Zhang Xiangchen (张向晨; born June 1965) is a Chinese diplomat who currently serves as the Deputy Director-General of the World Trade Organization (WTO). He is a member of the Chinese Communist Party. Zhang holds a Bachelor of Laws degree, a master's degree in international relations theory, and a doctorate in international politics, all from Peking University.

== Biography ==
Zhang Xiangchen was born in June 1965 in Laishui County, Hebei Province. He joined the Chinese Communist Party in November 1985 and began working in April 1991 after completing his studies at Peking University. He served successively as Deputy Division Director and Division Director in the Department of International Affairs of the former Ministry of Foreign Trade and Economic Cooperation (MOFTEC). In July 2000, he was appointed Deputy Director-General of the Department of International Affairs. In November 2001, he became Deputy Director-General of the Department of World Trade Organization Affairs and concurrently deputy director of the China WTO Notification and Enquiry Center.

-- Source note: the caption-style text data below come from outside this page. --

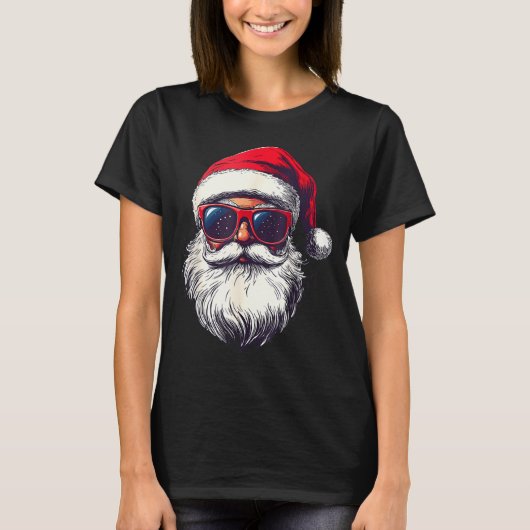 Cool Santa Claus Face Retro Sungles Christmas Men  T-shirt (Voorkant)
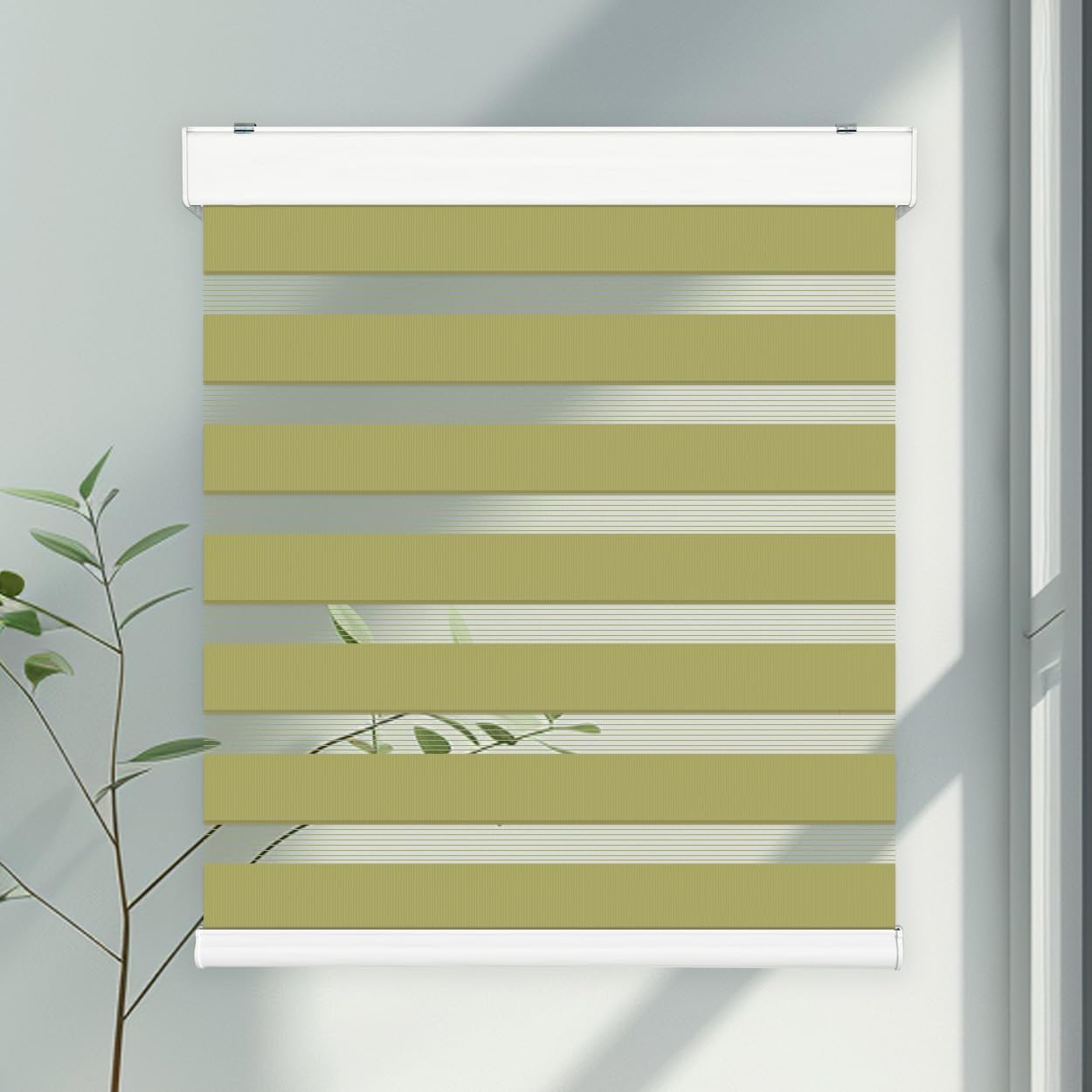 FOIRESOFT Custom Cordless Light Filtering Zebra Blinds [Morning, Green, W 20-90 x H 10-78 inch] Windows Sheer Shades for Day and Night Light Control, Gentle Moving Dual Layer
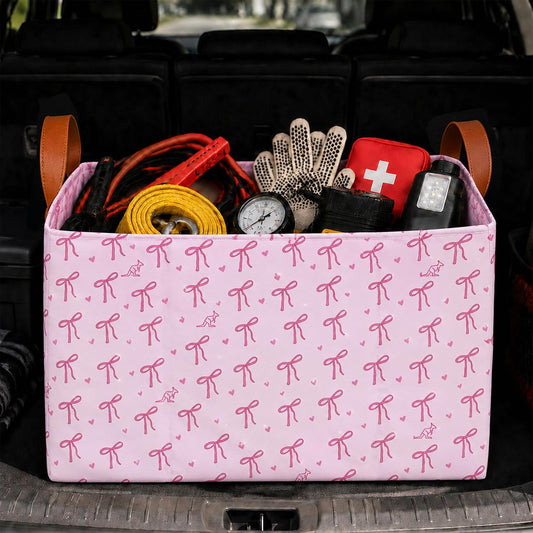 Bow Car Trunk Organizer 20L Collapsible Auto Storage Basket with Handles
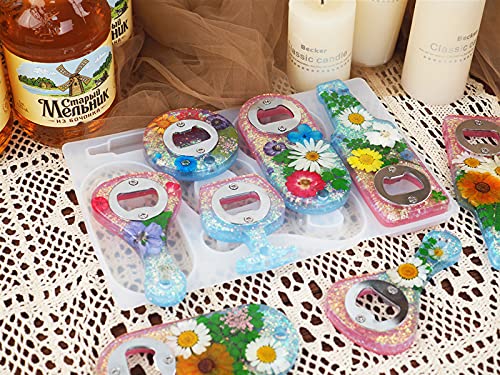 Bottle Opener Resin Molds Kit, Beer Opener Silicone Molds for Epoxy, Resin Jewelry Casting Molds, DIY Crafts Making for Best Gifts. Kizcmvre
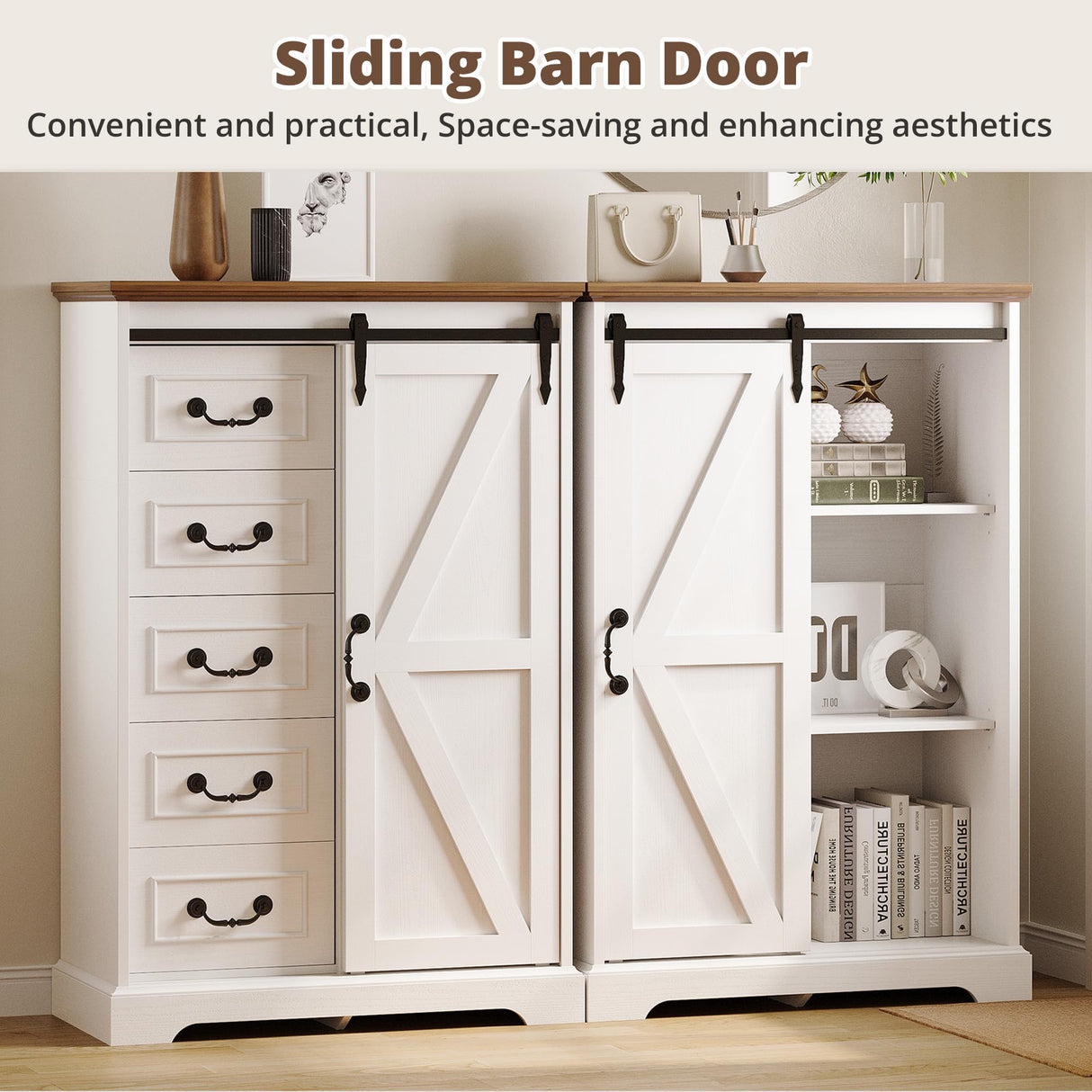 IRONCK 5 Drawers Dressers for Bedroom, Farmhouse Dresser Chest of Drawer with Sliding Barn Door,48” Tall Dresser Storage Organizer for Living Room, Entryway, White/Walnut IRONCK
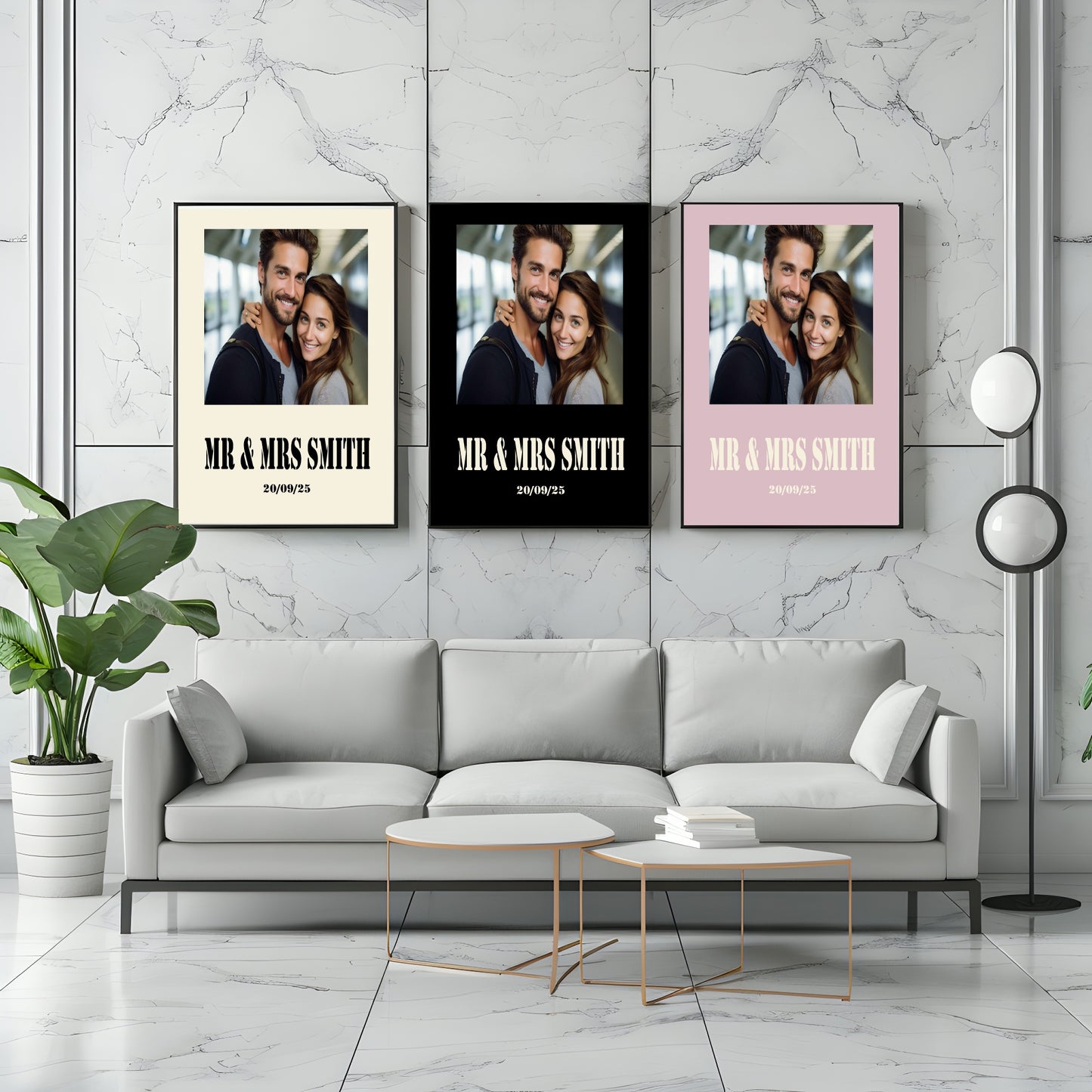 Personalised Stencil Photo Print | Black, Cream & Pink
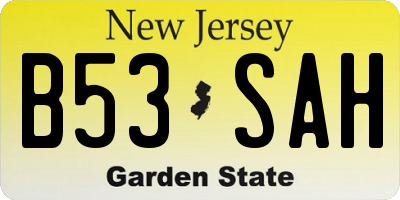 NJ license plate B53SAH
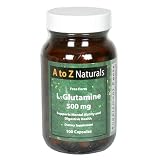 A to Z Naturals L-Glutamine, Free Form, 500 mg, Capsules, 100 capsules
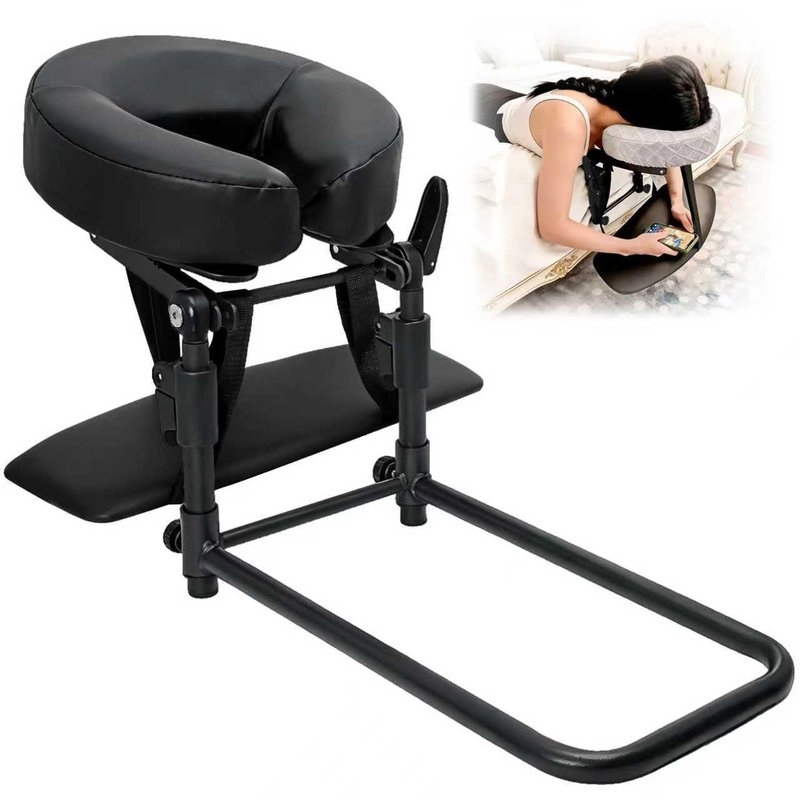 Massage Headrest for Bed with Arm Rest,Adjustable Face Cradle for Home Massage Kit,Portable Bed Massage Head Holder & Face Down Pillow After Eye Surgery,With Pillow Covers (Fabric & PU Leather),Black
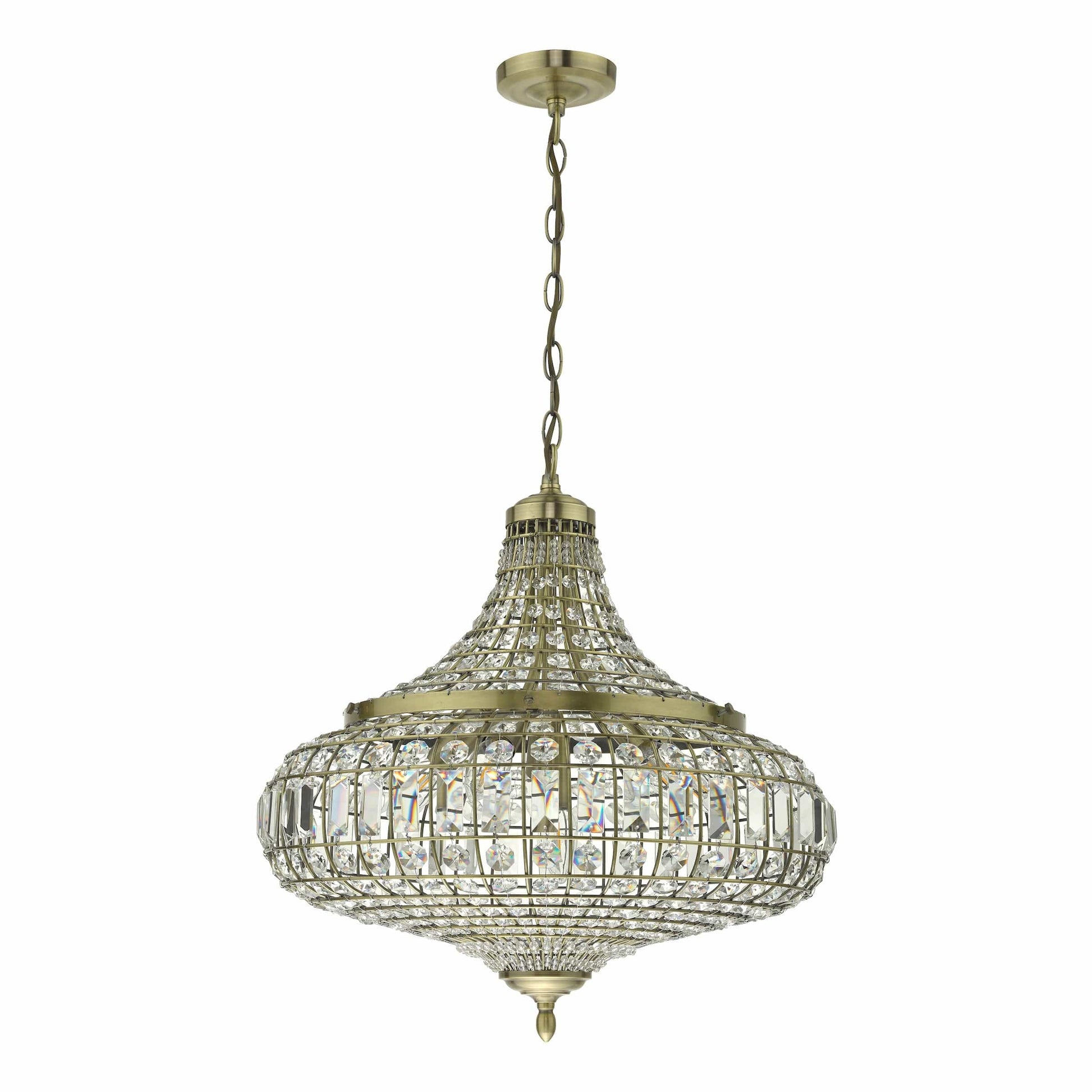 dar lighting Asmara 6 Light Pendant Antique Brass Crystal ASM0675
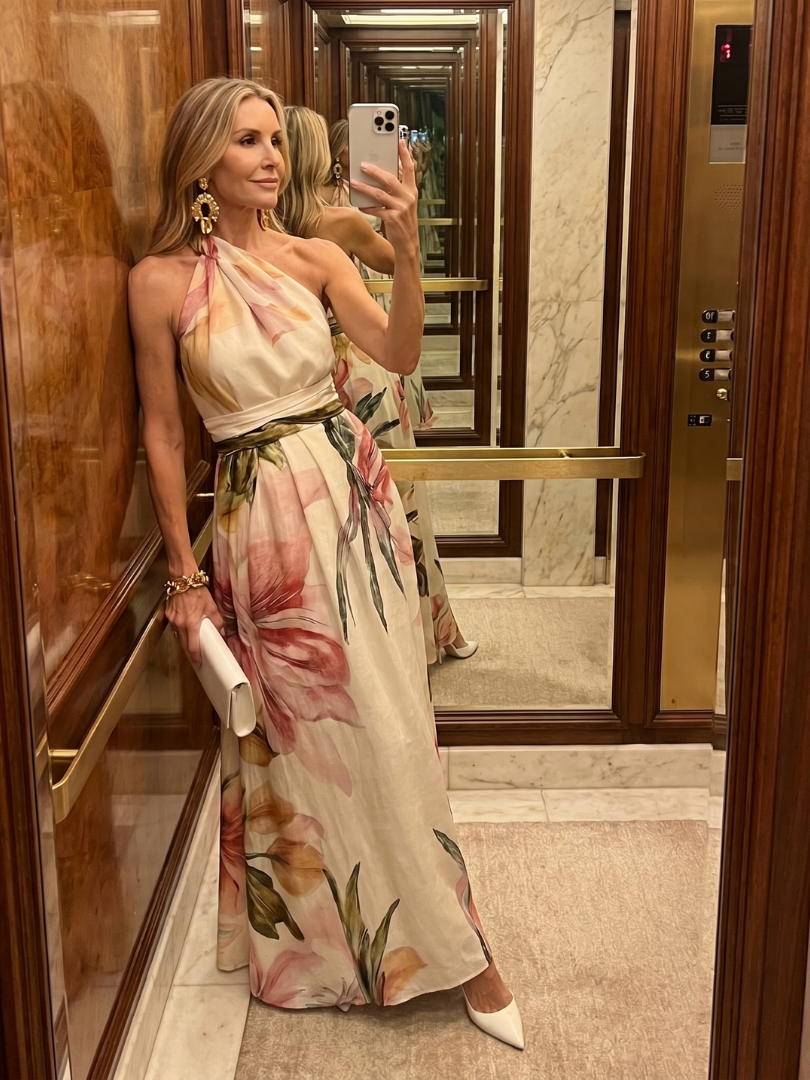 Hester watercolour floral halterneck maxi dress with sash — side view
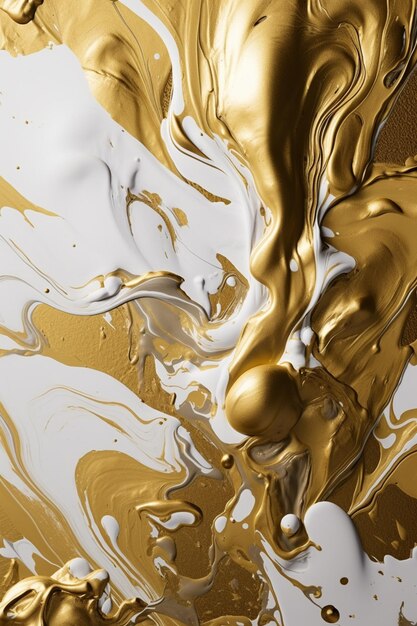 A close up of a gold paint with white and gold paint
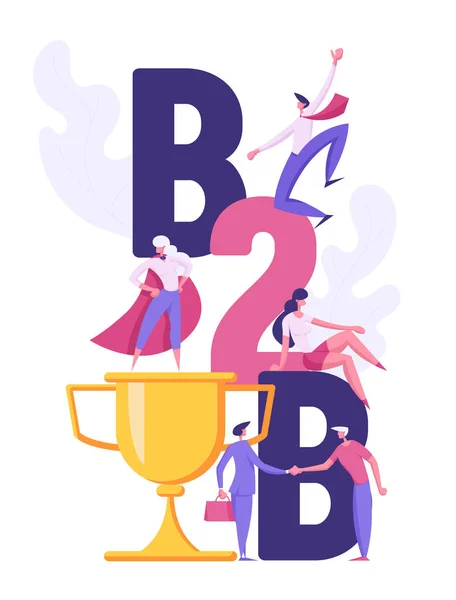 B2B, Business to Business Concept Banner. Taça de ouro com personagens de pessoas de negócios e super-herói para o site, Landing Page, Apresentação, Folheto, Cartaz. Desenhos animados plano Vector Ilustração — Vetor de Stock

In July 2005, Zhang was promoted to Director-General of the Department of WTO Affairs and concurrently Director of the China WTO Notification and Enquiry Center. In June 2008, he was appointed Deputy Permanent Representative and Minister (Director-General level) of the Permanent Mission of China to the WTO. In August 2011, he became Director-General of the Policy Research Office of the Ministry of Commerce.

In August 2013, Zhang was appointed Assistant Minister of Commerce and a member of the Party Leadership Group. In April 2015, he was promoted to Vice Ministerial-level Deputy International Trade Representative and continued as a member of the Party Leadership Group. In February 2017, Zhang was appointed Permanent Representative and Ambassador Extraordinary and Plenipotentiary of China to the WTO, concurrently serving as Deputy Permanent Representative to the United Nations Office at Geneva and other international organizations in Switzerland.

In November 2020, he became a member of the Party Leadership Group of the Ministry of Commerce and was later appointed Vice Minister in December 2020, a position he left in 2021. On 4 February 2021, Chinese President Xi Jinping formally removed Zhang from his ambassadorial posts in Geneva. On 4 May 2021, WTO Director-General Ngozi Okonjo-Iweala announced Zhang as one of the four new Deputy Directors-General of the organization.